Morgan Stanley has agreed to settle with two groups of US investors who have pursued the bank over sales of mortgage backed securities from the run up to the 2008 financial crisis.
The bank agreed to pay $95m (£59m, €73m) to resolve a lawsuit brought by the Public Employees' Retirement System of Mississippi (MissPERS) and the West Virginia Investment Management Board, Reuters reported.
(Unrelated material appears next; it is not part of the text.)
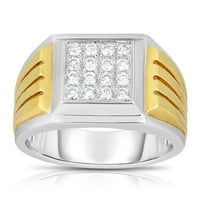 Inel pentru bărbați ct TW Diamonds 14k aur bicolor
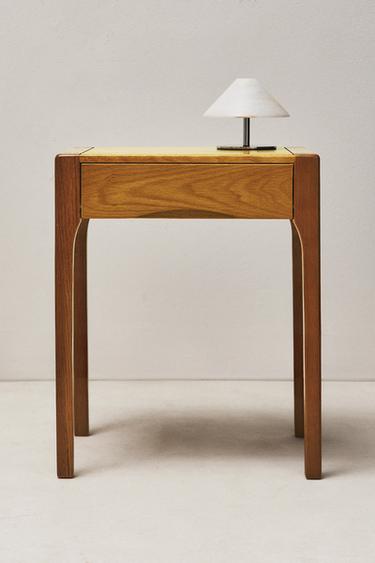 OAK BEDSIDE TABLE WITH DRAWER - Dark brown by Zara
The settlement was disclosed in court papers filed in New York Federal court.
The mortgage-backed securities under lawsuit were sold by the bank in 13 offerings in 2006 and 16 offerings in 2007. The plaintiffs accused the bank of making false and misleading claims about the securities in violation of US securities law.
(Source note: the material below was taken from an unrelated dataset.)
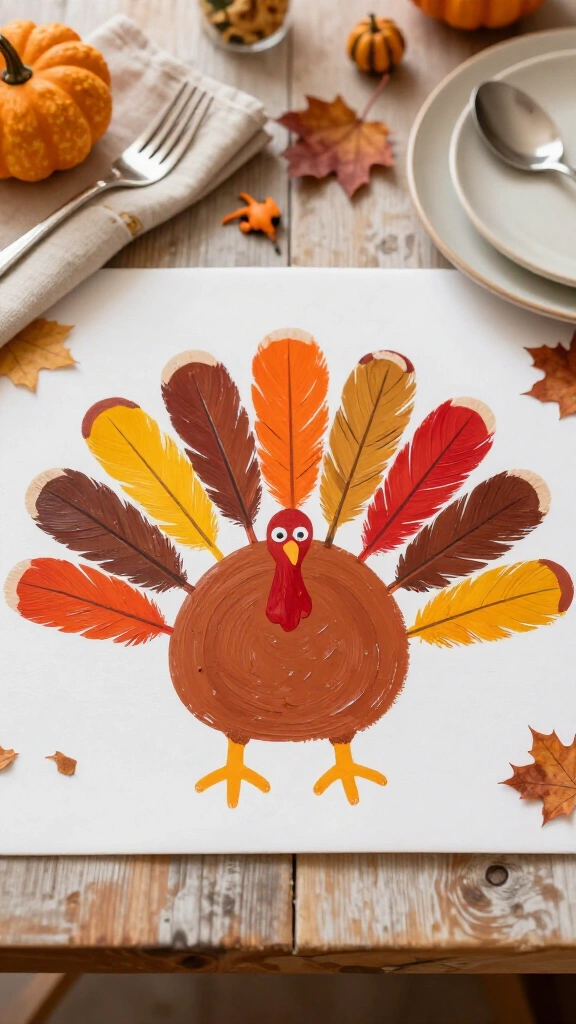 Hand print turkey placemat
The settlement comes after the plaintiffs suffered a series of setbacks in their case against Morgan Stanley, as US District Judge Laura Taylor Swain denied a number of their claims.
The bank did not admit wrongdoing as part of the settlement, which should get approval from US District Judge Katherine Forrest.
The plaintiffs expect t hat investors would on average receive a distribution of $2.63 per $1,000 in original face value offered, according to the court filings.
The case is In re Morgan Stanley Mortgage Pass-Through Certificates Litigation, U.S. District Court, Southern District of New York, No. 09-02137.
In February, Morgan Stanley agreed to pay $1.25bn to US regulators in relation to past selling of mortgage-backed securities. The settlement was with the Federal Housing Finance Agency (FHFA) and put an end to a number of lawsuits relating to the financial products.